L’esercito inarrestabile degli evasori: il risparmio cala in Italia e cresce offshore

Da Repubblica.it – Altro che Panama Papers e Luxleaks: i soldi che i ricchi, in persona o attraverso le loro aziende, continuano a imboscare all’estero patrimoni e guadagni e la montagna dei capitali clandestini diventa sempre più alta. L’ondata di condoni – con il nome benigno di “voluntary disclosures” – che ha investito, negli anni scorsi, un po’ tutti i maggiori paesi europei non ha affatto, come si diceva, chiuso un’epoca e riportato le pecore nere all’ovile, ma, al contrario, riattizzato le tentazioni. Nell’anno successivo alle rivelazioni che il Lussemburgo di Juncker stringeva accordi di favore con le multinazionali, il Granducato ha aumentato del 50 per cento il numero di contrattini segreti sul trattamento fiscale con aziende di vario tipo. E non c’è solo il Lussemburgo.

In tutta Europa, riporta Eurodad, una Ong basata a Bruxelles, gli accordi di favore fra governi e aziende sono passati da 547 nel 2013 a 1.444 a fine 2015. Ma più che l’elusione, può l’evasione. In materia di condoni, il caso italiano è di scuola: a fine 2008, secondo le stime di allora di Bankitalia, gli italiani tenevano nascosti all’estero capitali per 134 miliardi di dollari, in azioni e obbligazioni, più una settantina di miliardi in conti bancari: un totale di 200 miliardi. Con la “voluntary disclosure” del 2010 ne sono rientrati 56 miliardi. Nel giro di tre anni, a fine 2013, stima di nuovo Bankitalia, siamo tornati al punto di partenza e magari anche un po’ più in là: all’estero risultano capitali italiani, ammassati in azioni, obbligazioni, conti bancari, per 200-250 miliardi di dollari. La fuga di massa è un’abitudine.

E’ la sconsolata conclusione di uno studio appena pubblicato da tre economisti di Via Nazionale (Valeria Pellegrini, Alessandra Sanelli, Enrico Tosti) che cerca di valutare statisticamente l’entità dei capitali clandestini, mettendo a confronto i dati della bilancia dei pagamenti con quelli della posizione finanziaria netta dei singoli paesi. Il risparmio italiano, a quanto pare, diminuisce in Italia, ma ingrassa nei paradisi fiscali. Di risparmio, infatti, nel senso di quattrini veri, e non di poste di bilancio, si tratta. Nel senso che, per tre quarti, a portar fuori i soldi sono quell’aggregato che si chiama “famiglie” (e dunque, singoli individui o piccole imprese), piuttosto che aziende. Circa 100 miliardi sono finiti in azioni, 22 in obbligazioni e fra 75 e 124 miliardi riposano in conti correnti. Non tutti questi tesoretti, in verità, sono clandestini. Ma il grosso, sì: fra 127 e 178 miliardi di dollari risultano detenuti, ma non dichiarati.

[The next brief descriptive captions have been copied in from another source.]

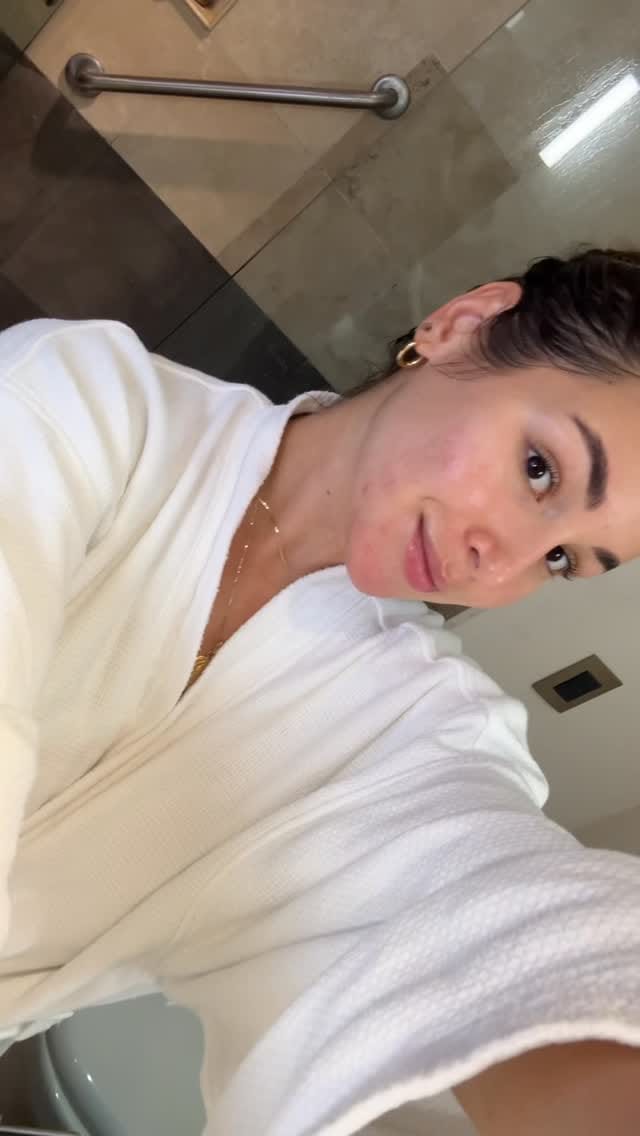 Post 3 by Valeria Sánchez on Instagram (video)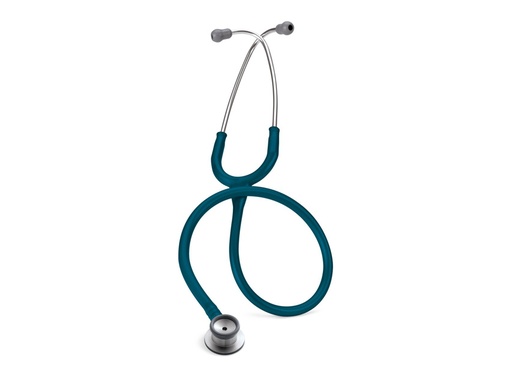 [GM-31125] LITTMANN "CLASSIC II INFANT" - 2124 - caraibi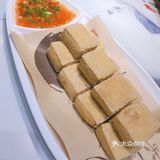 可惜当天木有凉拌秋葵了整理来说价位不低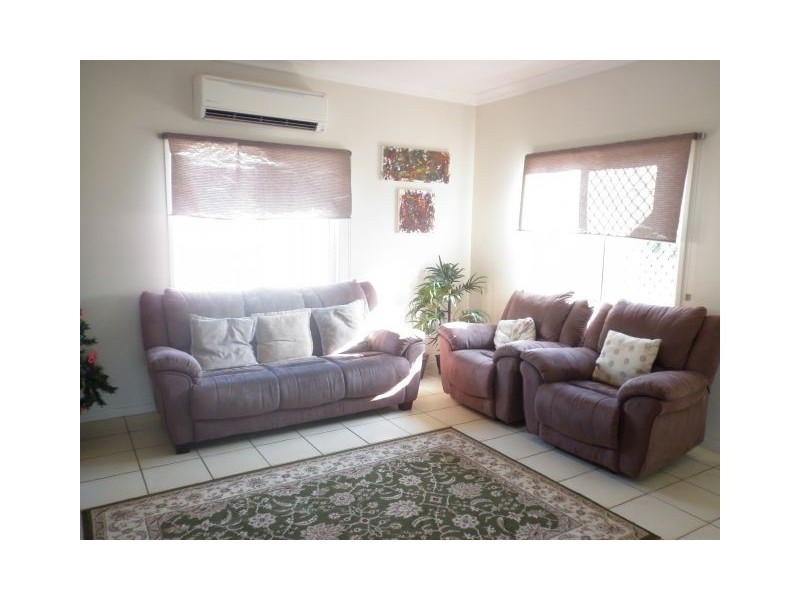 24 Adrian Street, West Mackay QLD 4740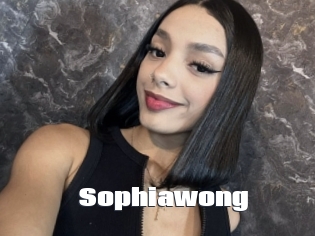 Sophiawong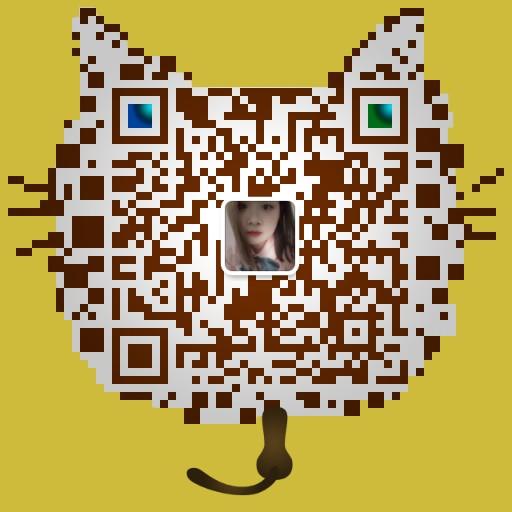 服装代理加盟无需囤货一件代发,代理衣服一件代发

Quante cose e, forse, anche quante riforme potrebbe fare un governo italiano se quei soldi uscissero alla luce del sole? Il discorso, a questo punto, è puramente teorico, ma Pellegrini, Sanelli e Tosti calcolano che lo Stato potrebbe reclamare fra 400 milioni e 1,4 miliardi di dollari l’anno di tasse sulle rendite finanziarie, in pratica l’equivalente di un decimo del gettito effettivo. Il grosso, comunque, lo darebbe l’imposta personale sul reddito: sullo stock di 200-250 miliardi accumulato, l’imposta darebbe un gettito complessivo di 50-100 miliardi di dollari, l’equivalente di quattro o cinque leggi di Stabilità.

Il caso italiano è vistoso, ma tutt’altro che unico. Nei paradisi fiscali ci sono complessivamente imboscati, a livello mondiale, 6-7 mila miliardi di dollari, che non hanno nulla a che vedere con le contorsioni fiscali delle grandi multinazionali come Apple o Google (che, formalmente, sono in  regola) ma sono soldi nascosti alla spicciolata da eserciti di evasori. I quali riescono così a sfuggire (dicono i riscontri statistici dello studio) a imposte sul capitale per 20 miliardi di dollari, come minimo, 42 miliardi come massimo. L’evasore globale, soprattutto, si mette al riparo da imposte sul reddito per 2-3 mila miliardi di dollari.

E tutta la grancassa sui codici Ocse e gli accordi di trasparenza a livello mondiale con i paesi a fiscalità più svelta che vengono firmati al ritmo di uno al mese? Pellegrini, Sanelli e Tosti sono assai poco ottimisti: perché funzionino devono essere applicati, tutti insieme e in modo coordinato, altrimenti si finisce per inseguire i capitali in un interminabile gioco di guardie e ladri. Per ora, è solo un obiettivo.